(Data entries)
▶

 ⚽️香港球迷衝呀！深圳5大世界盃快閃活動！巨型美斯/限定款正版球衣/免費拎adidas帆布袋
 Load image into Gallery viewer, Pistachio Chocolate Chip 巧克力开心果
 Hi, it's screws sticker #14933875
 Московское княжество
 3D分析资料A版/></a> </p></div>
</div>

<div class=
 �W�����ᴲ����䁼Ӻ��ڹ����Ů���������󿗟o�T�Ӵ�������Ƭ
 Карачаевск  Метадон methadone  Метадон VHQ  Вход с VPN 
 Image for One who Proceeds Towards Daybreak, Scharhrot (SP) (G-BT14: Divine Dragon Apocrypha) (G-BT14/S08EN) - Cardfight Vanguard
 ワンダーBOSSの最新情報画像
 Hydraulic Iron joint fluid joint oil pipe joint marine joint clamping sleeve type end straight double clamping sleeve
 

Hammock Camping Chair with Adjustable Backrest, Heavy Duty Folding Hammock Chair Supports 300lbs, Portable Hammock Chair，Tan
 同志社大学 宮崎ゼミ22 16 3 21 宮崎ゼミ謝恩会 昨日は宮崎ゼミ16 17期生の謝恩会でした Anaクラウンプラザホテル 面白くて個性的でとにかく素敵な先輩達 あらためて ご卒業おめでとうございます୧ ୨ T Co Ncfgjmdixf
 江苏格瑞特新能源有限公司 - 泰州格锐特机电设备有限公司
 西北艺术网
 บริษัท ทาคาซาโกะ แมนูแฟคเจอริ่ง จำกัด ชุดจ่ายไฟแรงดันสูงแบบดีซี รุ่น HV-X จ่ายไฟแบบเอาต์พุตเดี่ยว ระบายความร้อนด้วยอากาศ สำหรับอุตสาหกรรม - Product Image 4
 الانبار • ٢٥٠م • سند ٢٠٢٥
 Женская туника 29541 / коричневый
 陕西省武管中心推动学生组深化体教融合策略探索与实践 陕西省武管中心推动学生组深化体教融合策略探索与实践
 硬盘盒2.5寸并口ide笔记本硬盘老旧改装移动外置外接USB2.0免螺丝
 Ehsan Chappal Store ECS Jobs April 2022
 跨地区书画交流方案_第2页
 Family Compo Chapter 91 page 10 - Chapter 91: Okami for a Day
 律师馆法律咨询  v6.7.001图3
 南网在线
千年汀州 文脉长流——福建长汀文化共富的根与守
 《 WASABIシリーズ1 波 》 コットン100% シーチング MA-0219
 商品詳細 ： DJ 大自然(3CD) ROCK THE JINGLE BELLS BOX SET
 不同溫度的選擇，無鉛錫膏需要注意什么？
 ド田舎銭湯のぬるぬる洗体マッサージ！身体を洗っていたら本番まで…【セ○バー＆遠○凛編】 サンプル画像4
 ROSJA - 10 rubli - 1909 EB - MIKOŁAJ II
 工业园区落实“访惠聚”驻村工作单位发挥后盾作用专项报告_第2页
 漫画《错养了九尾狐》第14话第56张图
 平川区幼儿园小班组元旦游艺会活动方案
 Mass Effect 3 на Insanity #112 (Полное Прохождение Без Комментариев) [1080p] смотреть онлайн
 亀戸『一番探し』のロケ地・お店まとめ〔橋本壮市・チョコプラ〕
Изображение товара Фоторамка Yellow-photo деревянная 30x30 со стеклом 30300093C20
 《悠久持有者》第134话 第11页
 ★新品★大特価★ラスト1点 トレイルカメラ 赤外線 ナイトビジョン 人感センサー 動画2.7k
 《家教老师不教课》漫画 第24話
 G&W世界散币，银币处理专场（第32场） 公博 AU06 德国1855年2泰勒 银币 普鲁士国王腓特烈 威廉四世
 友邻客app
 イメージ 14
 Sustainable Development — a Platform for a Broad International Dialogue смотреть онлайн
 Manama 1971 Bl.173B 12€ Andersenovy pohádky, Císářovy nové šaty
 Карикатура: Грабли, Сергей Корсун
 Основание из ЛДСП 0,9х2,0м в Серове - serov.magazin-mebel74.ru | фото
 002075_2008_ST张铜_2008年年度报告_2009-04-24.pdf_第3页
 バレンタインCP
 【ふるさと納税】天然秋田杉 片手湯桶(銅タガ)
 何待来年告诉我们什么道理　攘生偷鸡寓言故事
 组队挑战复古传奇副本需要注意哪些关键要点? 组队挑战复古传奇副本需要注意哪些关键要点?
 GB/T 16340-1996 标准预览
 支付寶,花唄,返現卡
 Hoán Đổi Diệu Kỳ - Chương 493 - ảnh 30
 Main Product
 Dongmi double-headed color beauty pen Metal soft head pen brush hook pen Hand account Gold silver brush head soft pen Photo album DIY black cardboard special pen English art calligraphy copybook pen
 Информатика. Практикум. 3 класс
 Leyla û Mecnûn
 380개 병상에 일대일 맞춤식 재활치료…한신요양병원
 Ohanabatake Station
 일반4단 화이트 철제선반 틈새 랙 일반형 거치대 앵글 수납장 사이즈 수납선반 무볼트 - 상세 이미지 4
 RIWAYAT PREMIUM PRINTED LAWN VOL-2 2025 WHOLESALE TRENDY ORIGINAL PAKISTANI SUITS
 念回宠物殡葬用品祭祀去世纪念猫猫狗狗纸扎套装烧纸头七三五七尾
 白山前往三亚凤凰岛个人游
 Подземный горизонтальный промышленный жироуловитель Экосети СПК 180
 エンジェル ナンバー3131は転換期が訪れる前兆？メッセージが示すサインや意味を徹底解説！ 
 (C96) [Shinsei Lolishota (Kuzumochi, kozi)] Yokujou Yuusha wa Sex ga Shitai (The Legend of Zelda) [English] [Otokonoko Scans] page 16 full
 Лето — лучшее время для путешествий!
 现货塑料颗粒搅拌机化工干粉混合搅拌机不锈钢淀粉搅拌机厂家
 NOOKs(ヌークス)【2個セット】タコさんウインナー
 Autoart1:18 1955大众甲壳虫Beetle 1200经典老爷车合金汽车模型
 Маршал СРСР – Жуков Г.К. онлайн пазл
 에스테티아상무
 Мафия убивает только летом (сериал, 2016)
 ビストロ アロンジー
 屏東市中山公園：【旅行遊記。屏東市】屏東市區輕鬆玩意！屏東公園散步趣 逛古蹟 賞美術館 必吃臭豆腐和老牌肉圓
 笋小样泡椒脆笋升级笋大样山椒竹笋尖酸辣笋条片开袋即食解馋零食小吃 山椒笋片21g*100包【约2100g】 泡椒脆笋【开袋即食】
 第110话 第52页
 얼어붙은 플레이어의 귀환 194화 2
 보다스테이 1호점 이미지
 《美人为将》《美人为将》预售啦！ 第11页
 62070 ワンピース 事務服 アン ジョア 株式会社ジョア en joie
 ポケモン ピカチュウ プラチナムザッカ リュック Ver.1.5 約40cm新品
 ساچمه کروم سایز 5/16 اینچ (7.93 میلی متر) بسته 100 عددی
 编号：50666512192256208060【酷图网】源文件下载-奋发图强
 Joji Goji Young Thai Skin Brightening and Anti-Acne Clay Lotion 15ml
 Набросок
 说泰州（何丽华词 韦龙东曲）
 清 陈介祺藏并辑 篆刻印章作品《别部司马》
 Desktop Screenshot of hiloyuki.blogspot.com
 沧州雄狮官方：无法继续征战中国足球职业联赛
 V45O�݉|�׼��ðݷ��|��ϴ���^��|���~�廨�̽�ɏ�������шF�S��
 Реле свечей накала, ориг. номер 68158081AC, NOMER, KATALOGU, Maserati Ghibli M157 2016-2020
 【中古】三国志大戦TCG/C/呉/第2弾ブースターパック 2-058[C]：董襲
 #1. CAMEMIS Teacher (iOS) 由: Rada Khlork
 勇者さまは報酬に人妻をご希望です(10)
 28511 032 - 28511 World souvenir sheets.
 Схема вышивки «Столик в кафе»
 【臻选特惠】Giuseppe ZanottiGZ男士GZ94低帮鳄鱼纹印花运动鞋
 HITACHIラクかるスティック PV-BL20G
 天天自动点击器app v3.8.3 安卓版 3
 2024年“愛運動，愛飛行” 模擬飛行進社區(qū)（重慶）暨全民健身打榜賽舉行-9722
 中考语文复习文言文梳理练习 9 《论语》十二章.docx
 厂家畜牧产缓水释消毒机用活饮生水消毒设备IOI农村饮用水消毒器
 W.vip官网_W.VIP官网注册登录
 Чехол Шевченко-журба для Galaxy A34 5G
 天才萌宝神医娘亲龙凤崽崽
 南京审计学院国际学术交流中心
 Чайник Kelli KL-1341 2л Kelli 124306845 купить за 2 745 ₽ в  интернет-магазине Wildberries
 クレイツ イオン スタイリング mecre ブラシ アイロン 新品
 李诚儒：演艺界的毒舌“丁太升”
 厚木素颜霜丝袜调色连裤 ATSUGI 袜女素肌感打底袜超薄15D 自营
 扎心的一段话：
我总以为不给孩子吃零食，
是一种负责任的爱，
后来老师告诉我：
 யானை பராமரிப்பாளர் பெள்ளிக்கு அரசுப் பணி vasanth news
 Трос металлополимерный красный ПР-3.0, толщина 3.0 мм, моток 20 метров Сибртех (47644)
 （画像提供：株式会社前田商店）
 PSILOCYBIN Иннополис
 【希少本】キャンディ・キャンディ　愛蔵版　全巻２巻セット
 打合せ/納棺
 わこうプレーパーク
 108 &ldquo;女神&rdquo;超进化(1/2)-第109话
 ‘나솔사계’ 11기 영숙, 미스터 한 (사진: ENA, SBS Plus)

◀

• Problem statement: Could you return exactly the lines above from the line with "Autoart1:18 1955大众甲壳虫Beetle 1200经典老爷车合金汽车模型" to the line with "屏東市中山公園：【旅行遊記。屏東市】屏東市區輕鬆玩意！屏東公園散步趣 逛古蹟 賞美術館", both included, and nothing else?

• Task result:
 Autoart1:18 1955大众甲壳虫Beetle 1200经典老爷车合金汽车模型
 Маршал СРСР – Жуков Г.К. онлайн пазл
 에스테티아상무
 Мафия убивает только летом (сериал, 2016)
 ビストロ アロンジー
 屏東市中山公園：【旅行遊記。屏東市】屏東市區輕鬆玩意！屏東公園散步趣 逛古蹟 賞美術館 必吃臭豆腐和老牌肉圓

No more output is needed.